EXERCISE DESCRIPTION: Down to the final character, output the records below as they stand.

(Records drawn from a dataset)
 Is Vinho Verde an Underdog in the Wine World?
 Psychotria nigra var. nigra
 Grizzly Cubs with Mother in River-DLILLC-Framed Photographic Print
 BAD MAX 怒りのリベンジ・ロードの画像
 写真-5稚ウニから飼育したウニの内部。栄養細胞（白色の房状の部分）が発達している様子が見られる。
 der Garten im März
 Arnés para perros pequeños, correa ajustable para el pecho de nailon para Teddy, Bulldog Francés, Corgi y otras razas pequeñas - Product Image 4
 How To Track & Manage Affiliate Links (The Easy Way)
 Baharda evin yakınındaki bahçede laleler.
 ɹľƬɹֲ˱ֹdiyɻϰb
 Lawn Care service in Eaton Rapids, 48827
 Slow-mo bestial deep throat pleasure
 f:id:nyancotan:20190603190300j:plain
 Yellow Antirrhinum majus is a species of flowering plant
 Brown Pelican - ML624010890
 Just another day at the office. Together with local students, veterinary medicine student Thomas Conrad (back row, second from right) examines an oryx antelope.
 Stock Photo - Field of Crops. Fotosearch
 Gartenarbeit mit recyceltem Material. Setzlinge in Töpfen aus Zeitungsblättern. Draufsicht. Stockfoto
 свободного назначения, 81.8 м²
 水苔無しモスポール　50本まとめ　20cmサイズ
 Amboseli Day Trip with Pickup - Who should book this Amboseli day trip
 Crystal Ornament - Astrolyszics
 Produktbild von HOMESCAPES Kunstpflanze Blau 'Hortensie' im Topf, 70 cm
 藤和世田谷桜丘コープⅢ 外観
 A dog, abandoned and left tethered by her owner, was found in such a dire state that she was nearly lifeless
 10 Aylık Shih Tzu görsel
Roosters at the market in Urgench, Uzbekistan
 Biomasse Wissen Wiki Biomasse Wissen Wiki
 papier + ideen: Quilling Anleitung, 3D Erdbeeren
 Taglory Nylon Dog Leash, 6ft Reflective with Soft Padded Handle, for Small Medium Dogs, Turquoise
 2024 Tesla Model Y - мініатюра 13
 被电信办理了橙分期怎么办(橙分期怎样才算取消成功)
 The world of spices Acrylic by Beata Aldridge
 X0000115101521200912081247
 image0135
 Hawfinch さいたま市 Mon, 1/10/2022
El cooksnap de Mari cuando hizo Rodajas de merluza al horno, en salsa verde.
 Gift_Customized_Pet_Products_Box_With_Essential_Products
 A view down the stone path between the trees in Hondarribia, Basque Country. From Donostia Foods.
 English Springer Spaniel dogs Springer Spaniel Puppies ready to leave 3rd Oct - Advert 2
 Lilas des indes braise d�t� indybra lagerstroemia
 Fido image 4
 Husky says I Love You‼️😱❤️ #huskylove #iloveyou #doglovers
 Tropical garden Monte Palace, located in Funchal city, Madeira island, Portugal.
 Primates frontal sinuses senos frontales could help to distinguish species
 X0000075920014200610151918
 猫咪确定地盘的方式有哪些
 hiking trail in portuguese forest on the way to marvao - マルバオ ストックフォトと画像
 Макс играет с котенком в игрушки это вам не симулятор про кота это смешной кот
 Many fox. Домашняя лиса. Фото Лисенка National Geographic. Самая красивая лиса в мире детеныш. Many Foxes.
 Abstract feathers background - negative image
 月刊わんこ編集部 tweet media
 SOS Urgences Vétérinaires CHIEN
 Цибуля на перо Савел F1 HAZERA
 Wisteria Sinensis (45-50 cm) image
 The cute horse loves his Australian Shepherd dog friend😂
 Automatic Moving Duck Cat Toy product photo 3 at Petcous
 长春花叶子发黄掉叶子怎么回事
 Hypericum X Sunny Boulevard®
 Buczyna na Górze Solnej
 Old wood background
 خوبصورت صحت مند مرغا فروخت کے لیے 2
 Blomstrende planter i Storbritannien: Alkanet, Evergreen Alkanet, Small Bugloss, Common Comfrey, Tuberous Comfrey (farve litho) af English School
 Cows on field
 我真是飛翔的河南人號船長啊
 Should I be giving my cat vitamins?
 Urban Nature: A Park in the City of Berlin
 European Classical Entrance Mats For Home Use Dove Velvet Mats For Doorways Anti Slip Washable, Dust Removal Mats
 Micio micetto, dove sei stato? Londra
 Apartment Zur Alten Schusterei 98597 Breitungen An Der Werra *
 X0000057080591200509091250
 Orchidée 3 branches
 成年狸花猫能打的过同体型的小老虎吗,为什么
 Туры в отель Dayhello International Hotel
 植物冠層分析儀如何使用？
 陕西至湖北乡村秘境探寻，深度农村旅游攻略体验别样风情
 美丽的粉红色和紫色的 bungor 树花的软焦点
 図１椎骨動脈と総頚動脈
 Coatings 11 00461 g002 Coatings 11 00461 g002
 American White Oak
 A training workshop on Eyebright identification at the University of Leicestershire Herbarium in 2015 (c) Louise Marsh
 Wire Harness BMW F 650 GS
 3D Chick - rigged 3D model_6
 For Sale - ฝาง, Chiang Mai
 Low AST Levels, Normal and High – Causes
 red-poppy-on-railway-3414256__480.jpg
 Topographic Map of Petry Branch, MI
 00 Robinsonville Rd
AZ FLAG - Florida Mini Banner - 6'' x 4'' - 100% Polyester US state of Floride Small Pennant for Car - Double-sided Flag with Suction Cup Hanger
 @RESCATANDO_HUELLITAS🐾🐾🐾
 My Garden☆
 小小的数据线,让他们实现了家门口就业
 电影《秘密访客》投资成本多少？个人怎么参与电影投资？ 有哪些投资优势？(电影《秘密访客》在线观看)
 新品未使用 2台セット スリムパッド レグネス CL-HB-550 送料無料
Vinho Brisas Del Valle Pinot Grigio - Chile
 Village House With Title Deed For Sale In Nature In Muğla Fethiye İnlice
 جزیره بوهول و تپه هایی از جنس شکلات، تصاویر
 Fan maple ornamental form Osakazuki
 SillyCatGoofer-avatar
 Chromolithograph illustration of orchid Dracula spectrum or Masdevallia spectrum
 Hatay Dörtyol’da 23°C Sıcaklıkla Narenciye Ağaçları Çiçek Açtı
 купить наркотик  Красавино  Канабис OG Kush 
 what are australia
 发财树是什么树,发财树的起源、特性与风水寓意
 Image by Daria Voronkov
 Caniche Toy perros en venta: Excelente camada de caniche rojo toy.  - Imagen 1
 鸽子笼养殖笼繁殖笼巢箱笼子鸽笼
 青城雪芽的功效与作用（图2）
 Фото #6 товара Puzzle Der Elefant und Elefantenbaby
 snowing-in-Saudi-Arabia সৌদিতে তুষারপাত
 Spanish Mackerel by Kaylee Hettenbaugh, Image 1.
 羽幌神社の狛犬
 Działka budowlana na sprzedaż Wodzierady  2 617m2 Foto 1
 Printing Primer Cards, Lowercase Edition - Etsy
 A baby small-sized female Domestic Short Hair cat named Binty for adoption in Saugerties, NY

WRITTEN ANSWER:
 Is Vinho Verde an Underdog in the Wine World?
 Psychotria nigra var. nigra
 Grizzly Cubs with Mother in River-DLILLC-Framed Photographic Print
 BAD MAX 怒りのリベンジ・ロードの画像
 写真-5稚ウニから飼育したウニの内部。栄養細胞（白色の房状の部分）が発達している様子が見られる。
 der Garten im März
 Arnés para perros pequeños, correa ajustable para el pecho de nailon para Teddy, Bulldog Francés, Corgi y otras razas pequeñas - Product Image 4
 How To Track & Manage Affiliate Links (The Easy Way)
 Baharda evin yakınındaki bahçede laleler.
 ɹľƬɹֲ˱ֹdiyɻϰb
 Lawn Care service in Eaton Rapids, 48827
 Slow-mo bestial deep throat pleasure
 f:id:nyancotan:20190603190300j:plain
 Yellow Antirrhinum majus is a species of flowering plant
 Brown Pelican - ML624010890
 Just another day at the office. Together with local students, veterinary medicine student Thomas Conrad (back row, second from right) examines an oryx antelope.
 Stock Photo - Field of Crops. Fotosearch
 Gartenarbeit mit recyceltem Material. Setzlinge in Töpfen aus Zeitungsblättern. Draufsicht. Stockfoto
 свободного назначения, 81.8 м²
 水苔無しモスポール　50本まとめ　20cmサイズ
 Amboseli Day Trip with Pickup - Who should book this Amboseli day trip
 Crystal Ornament - Astrolyszics
 Produktbild von HOMESCAPES Kunstpflanze Blau 'Hortensie' im Topf, 70 cm
 藤和世田谷桜丘コープⅢ 外観
 A dog, abandoned and left tethered by her owner, was found in such a dire state that she was nearly lifeless
 10 Aylık Shih Tzu görsel
Roosters at the market in Urgench, Uzbekistan
 Biomasse Wissen Wiki Biomasse Wissen Wiki
 papier + ideen: Quilling Anleitung, 3D Erdbeeren
 Taglory Nylon Dog Leash, 6ft Reflective with Soft Padded Handle, for Small Medium Dogs, Turquoise
 2024 Tesla Model Y - мініатюра 13
 被电信办理了橙分期怎么办(橙分期怎样才算取消成功)
 The world of spices Acrylic by Beata Aldridge
 X0000115101521200912081247
 image0135
 Hawfinch さいたま市 Mon, 1/10/2022
El cooksnap de Mari cuando hizo Rodajas de merluza al horno, en salsa verde.
 Gift_Customized_Pet_Products_Box_With_Essential_Products
 A view down the stone path between the trees in Hondarribia, Basque Country. From Donostia Foods.
 English Springer Spaniel dogs Springer Spaniel Puppies ready to leave 3rd Oct - Advert 2
 Lilas des indes braise d�t� indybra lagerstroemia
 Fido image 4
 Husky says I Love You‼️😱❤️ #huskylove #iloveyou #doglovers
 Tropical garden Monte Palace, located in Funchal city, Madeira island, Portugal.
 Primates frontal sinuses senos frontales could help to distinguish species
 X0000075920014200610151918
 猫咪确定地盘的方式有哪些
 hiking trail in portuguese forest on the way to marvao - マルバオ ストックフォトと画像
 Макс играет с котенком в игрушки это вам не симулятор про кота это смешной кот
 Many fox. Домашняя лиса. Фото Лисенка National Geographic. Самая красивая лиса в мире детеныш. Many Foxes.
 Abstract feathers background - negative image
 月刊わんこ編集部 tweet media
 SOS Urgences Vétérinaires CHIEN
 Цибуля на перо Савел F1 HAZERA
 Wisteria Sinensis (45-50 cm) image
 The cute horse loves his Australian Shepherd dog friend😂
 Automatic Moving Duck Cat Toy product photo 3 at Petcous
 长春花叶子发黄掉叶子怎么回事
 Hypericum X Sunny Boulevard®
 Buczyna na Górze Solnej
 Old wood background
 خوبصورت صحت مند مرغا فروخت کے لیے 2
 Blomstrende planter i Storbritannien: Alkanet, Evergreen Alkanet, Small Bugloss, Common Comfrey, Tuberous Comfrey (farve litho) af English School
 Cows on field
 我真是飛翔的河南人號船長啊
 Should I be giving my cat vitamins?
 Urban Nature: A Park in the City of Berlin
 European Classical Entrance Mats For Home Use Dove Velvet Mats For Doorways Anti Slip Washable, Dust Removal Mats
 Micio micetto, dove sei stato? Londra
 Apartment Zur Alten Schusterei 98597 Breitungen An Der Werra *
 X0000057080591200509091250
 Orchidée 3 branches
 成年狸花猫能打的过同体型的小老虎吗,为什么
 Туры в отель Dayhello International Hotel
 植物冠層分析儀如何使用？
 陕西至湖北乡村秘境探寻，深度农村旅游攻略体验别样风情
 美丽的粉红色和紫色的 bungor 树花的软焦点
 図１椎骨動脈と総頚動脈
 Coatings 11 00461 g002 Coatings 11 00461 g002
 American White Oak
 A training workshop on Eyebright identification at the University of Leicestershire Herbarium in 2015 (c) Louise Marsh
 Wire Harness BMW F 650 GS
 3D Chick - rigged 3D model_6
 For Sale - ฝาง, Chiang Mai
 Low AST Levels, Normal and High – Causes
 red-poppy-on-railway-3414256__480.jpg
 Topographic Map of Petry Branch, MI
 00 Robinsonville Rd
AZ FLAG - Florida Mini Banner - 6'' x 4'' - 100% Polyester US state of Floride Small Pennant for Car - Double-sided Flag with Suction Cup Hanger
 @RESCATANDO_HUELLITAS🐾🐾🐾
 My Garden☆
 小小的数据线,让他们实现了家门口就业
 电影《秘密访客》投资成本多少？个人怎么参与电影投资？ 有哪些投资优势？(电影《秘密访客》在线观看)
 新品未使用 2台セット スリムパッド レグネス CL-HB-550 送料無料
Vinho Brisas Del Valle Pinot Grigio - Chile
 Village House With Title Deed For Sale In Nature In Muğla Fethiye İnlice
 جزیره بوهول و تپه هایی از جنس شکلات، تصاویر
 Fan maple ornamental form Osakazuki
 SillyCatGoofer-avatar
 Chromolithograph illustration of orchid Dracula spectrum or Masdevallia spectrum
 Hatay Dörtyol’da 23°C Sıcaklıkla Narenciye Ağaçları Çiçek Açtı
 купить наркотик  Красавино  Канабис OG Kush 
 what are australia
 发财树是什么树,发财树的起源、特性与风水寓意
 Image by Daria Voronkov
 Caniche Toy perros en venta: Excelente camada de caniche rojo toy.  - Imagen 1
 鸽子笼养殖笼繁殖笼巢箱笼子鸽笼
 青城雪芽的功效与作用（图2）
 Фото #6 товара Puzzle Der Elefant und Elefantenbaby
 snowing-in-Saudi-Arabia সৌদিতে তুষারপাত
 Spanish Mackerel by Kaylee Hettenbaugh, Image 1.
 羽幌神社の狛犬
 Działka budowlana na sprzedaż Wodzierady  2 617m2 Foto 1
 Printing Primer Cards, Lowercase Edition - Etsy
 A baby small-sized female Domestic Short Hair cat named Binty for adoption in Saugerties, NY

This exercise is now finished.